Shropshire Star

Grazing management decisions that get results

While grazing dairy cows there are fundamentally three key areas of focus, regardless of system type.

Published
Beth Howells

They are: maximising cost-effective animal performance, that is maintain or improve milk yields while reducing feed rates; achieve high animal health status; maintain optimum milk constituents.

Management and nutritional activities while grazing can get complicated, but we must ensure that those actions taken will actively focus on at least one of the above.

Intake is king, and turning cows, particularly higher yielding cows, into slightly higher grass covers can increase intake per bite and therefore total grass intake. This may come at a cost of a clean residual so consider topping or quickly going over the field with youngstock to allow for a clean regrowth.

Grass dry matter and daylight length are often overlooked when considering intake potential.
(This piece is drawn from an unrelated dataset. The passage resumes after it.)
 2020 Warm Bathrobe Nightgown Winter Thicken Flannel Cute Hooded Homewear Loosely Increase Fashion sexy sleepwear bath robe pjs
Consider a 12kg DMI of grass to be typical (14kg DMI is possible), at 22 per cent dry matter this equates to a fresh weight intake of 55.5kg which is achievable,

However after rain if dry matter drops to 17 per cent cows need to achieve 70.5 kg fresh weight. Along with a buffer feed, this intake becomes difficult to achieve.

Similar can be said for daylight hours. Cows graze very little or even not at all through night-time hours, therefore ensure grazing is budgeted to take this into account.